Every ounce of energy she had she gave to Jack. All her strength, her will, everything she had to give. He had to stay alive.
“Raine?” Her father stood by the hospital bed where Jack remained unconscious, attached to various monitors.
She fell into his arms, desperately needing his support. “I love him so much.” She understood now that she’d never really been in love. What she and Gary had was more friendship than passion. They were friends and companions, fond of each other but not in love. In many ways Gary had been her mother’s choice rather than her own.
“Can you tell me what happened?” Thomas asked.
“Not now.” Others assumed she was fragile, that her state of mind had been compromised by her ordeal. Perhaps they were right; she was no longer a good judge of such things. Not that it mattered. What was important was being with Jack. She thought of nothing and no one else.
“Raine,” her father urged. “Come to the hotel.

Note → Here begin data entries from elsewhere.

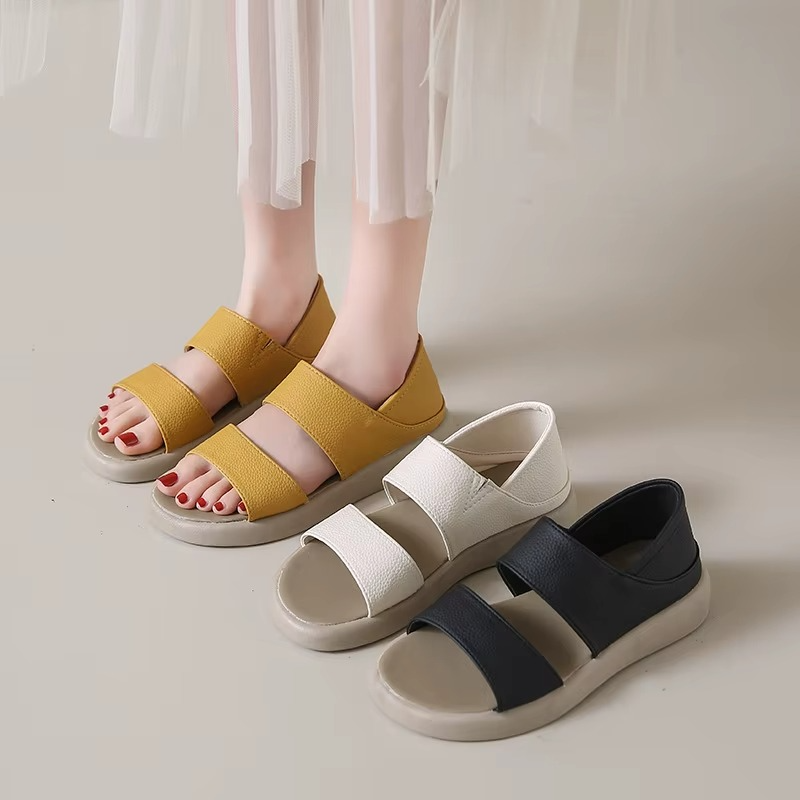 MontClair Orthopedic Sandal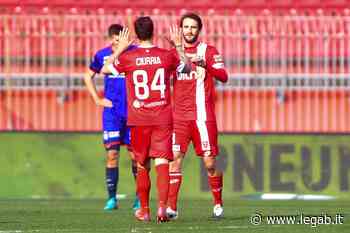 Il Monza balza in testa - Lega B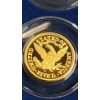 Image 15 : 1890-O Morgan Silver Dollar & National Collector's Mint $5 Proof Mint Mark Tribute Set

Sleep.”
“No.” She shook her head. “I never told him,” she said, glancing away from Jack to briefly meet her father’s eyes. “I won’t leave him.”
“He loves you, too?” her father asked in a hesitant voice.
“Oh, yes,” she whispered, knowing she could never explain in words the special relationship they’d shared. She’d never doubted or questioned Jack’s love, just as he’d never doubted hers for him. It was something neither of them could or would say. For Jack, love was an emotion he couldn’t afford to express to a woman he assumed was married. As for herself, she’d gambled, certain she’d have time enough to tell him the truth.
If he died now, they both lost.
Her father sat with her. After the first barrage of concerned questions, he’d asked no more, and she appreciated that. It was as if he understood she had to see this to the end. Whatever that end might be.
The hospital was quiet. Night settled around her as she stayed at Jack’s bedside, alone now. She held his hand in hers and pressed her lips to the inside of his wrist.
“Once you’re out of here,” she told him, “we’ll—”
She wasn’t allowed to finish. His heart monitor started to blare, a piercing alarm that shattered the night and brought hospital staff running. A glance at the electronic readout showed one long straight line. Cardiac arrest.
Gary Franklin had decided he would refuse Marjorie’s letter of resignation. This wasn’t a personal decision, he convinced himself, but one he’d made out of concern for the company. After months of training, Med-X had invested a lot of money in Marjorie Ellis, and it would be a detriment to the organization if she left now.
Just as he’d suspected, he found her letter on his desk Monday morning. Knowing exactly what he intended to do, Gary grabbed it and walked briskly to her office.
Marjorie looked up in surprise when he entered and closed the door. “I can’t accept this,” he announced.
“Can’t or won’t?” she challenged.
“Both.” He gave her the company line, explaining that Med-X would lose a substantial sum of money if she resigned.
“Then I’ll train my replacement before I go,” she offered.
He hesitated.
“You can’t force me to continue working here.”
She had a point. “No, but I’d consider it a personal favor if you didn’t leave the company in a bind. Also, you’re working out beautifully here and we’d hate to lose you.”
Marjorie sagged in her chair. He noted that she’d already loaded half the contents of her drawers into a cardboard box.